Short web captions:

━━━━━━━━

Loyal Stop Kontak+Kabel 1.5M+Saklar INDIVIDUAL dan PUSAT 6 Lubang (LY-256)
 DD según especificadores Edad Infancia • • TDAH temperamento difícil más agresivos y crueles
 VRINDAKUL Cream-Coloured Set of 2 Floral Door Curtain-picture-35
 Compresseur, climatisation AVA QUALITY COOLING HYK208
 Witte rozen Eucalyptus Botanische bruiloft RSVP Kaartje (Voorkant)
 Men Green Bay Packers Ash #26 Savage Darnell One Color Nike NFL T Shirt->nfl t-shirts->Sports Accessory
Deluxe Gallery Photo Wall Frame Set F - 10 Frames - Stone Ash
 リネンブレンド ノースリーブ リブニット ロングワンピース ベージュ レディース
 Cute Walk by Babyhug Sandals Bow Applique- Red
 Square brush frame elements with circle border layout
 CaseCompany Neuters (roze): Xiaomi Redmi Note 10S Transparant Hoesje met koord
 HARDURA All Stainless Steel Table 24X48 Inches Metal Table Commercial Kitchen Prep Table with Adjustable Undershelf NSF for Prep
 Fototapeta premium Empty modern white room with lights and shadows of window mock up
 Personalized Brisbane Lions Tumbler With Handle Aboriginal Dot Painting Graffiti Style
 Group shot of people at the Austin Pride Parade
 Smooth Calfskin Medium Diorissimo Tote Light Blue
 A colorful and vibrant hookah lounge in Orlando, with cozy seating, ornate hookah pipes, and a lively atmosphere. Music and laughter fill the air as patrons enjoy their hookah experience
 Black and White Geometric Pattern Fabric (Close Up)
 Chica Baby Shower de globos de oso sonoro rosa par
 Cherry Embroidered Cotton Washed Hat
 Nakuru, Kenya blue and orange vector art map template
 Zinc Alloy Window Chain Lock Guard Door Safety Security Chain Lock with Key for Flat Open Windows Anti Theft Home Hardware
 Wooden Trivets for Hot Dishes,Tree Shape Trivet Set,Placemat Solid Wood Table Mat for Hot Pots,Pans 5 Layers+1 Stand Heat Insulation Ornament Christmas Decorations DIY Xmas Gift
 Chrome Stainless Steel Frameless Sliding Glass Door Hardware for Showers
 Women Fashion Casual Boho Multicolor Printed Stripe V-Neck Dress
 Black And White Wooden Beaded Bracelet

━━━━━━━━

▸ **WHAT IS EXPECTED**: What is needed here is every record above, repeated exactly.

▸ **RESULT**:
Loyal Stop Kontak+Kabel 1.5M+Saklar INDIVIDUAL dan PUSAT 6 Lubang (LY-256)
 DD según especificadores Edad Infancia • • TDAH temperamento difícil más agresivos y crueles
 VRINDAKUL Cream-Coloured Set of 2 Floral Door Curtain-picture-35
 Compresseur, climatisation AVA QUALITY COOLING HYK208
 Witte rozen Eucalyptus Botanische bruiloft RSVP Kaartje (Voorkant)
 Men Green Bay Packers Ash #26 Savage Darnell One Color Nike NFL T Shirt->nfl t-shirts->Sports Accessory
Deluxe Gallery Photo Wall Frame Set F - 10 Frames - Stone Ash
 リネンブレンド ノースリーブ リブニット ロングワンピース ベージュ レディース
 Cute Walk by Babyhug Sandals Bow Applique- Red
 Square brush frame elements with circle border layout
 CaseCompany Neuters (roze): Xiaomi Redmi Note 10S Transparant Hoesje met koord
 HARDURA All Stainless Steel Table 24X48 Inches Metal Table Commercial Kitchen Prep Table with Adjustable Undershelf NSF for Prep
 Fototapeta premium Empty modern white room with lights and shadows of window mock up
 Personalized Brisbane Lions Tumbler With Handle Aboriginal Dot Painting Graffiti Style
 Group shot of people at the Austin Pride Parade
 Smooth Calfskin Medium Diorissimo Tote Light Blue
 A colorful and vibrant hookah lounge in Orlando, with cozy seating, ornate hookah pipes, and a lively atmosphere. Music and laughter fill the air as patrons enjoy their hookah experience
 Black and White Geometric Pattern Fabric (Close Up)
 Chica Baby Shower de globos de oso sonoro rosa par
 Cherry Embroidered Cotton Washed Hat
 Nakuru, Kenya blue and orange vector art map template
 Zinc Alloy Window Chain Lock Guard Door Safety Security Chain Lock with Key for Flat Open Windows Anti Theft Home Hardware
 Wooden Trivets for Hot Dishes,Tree Shape Trivet Set,Placemat Solid Wood Table Mat for Hot Pots,Pans 5 Layers+1 Stand Heat Insulation Ornament Christmas Decorations DIY Xmas Gift
 Chrome Stainless Steel Frameless Sliding Glass Door Hardware for Showers
 Women Fashion Casual Boho Multicolor Printed Stripe V-Neck Dress
 Black And White Wooden Beaded Bracelet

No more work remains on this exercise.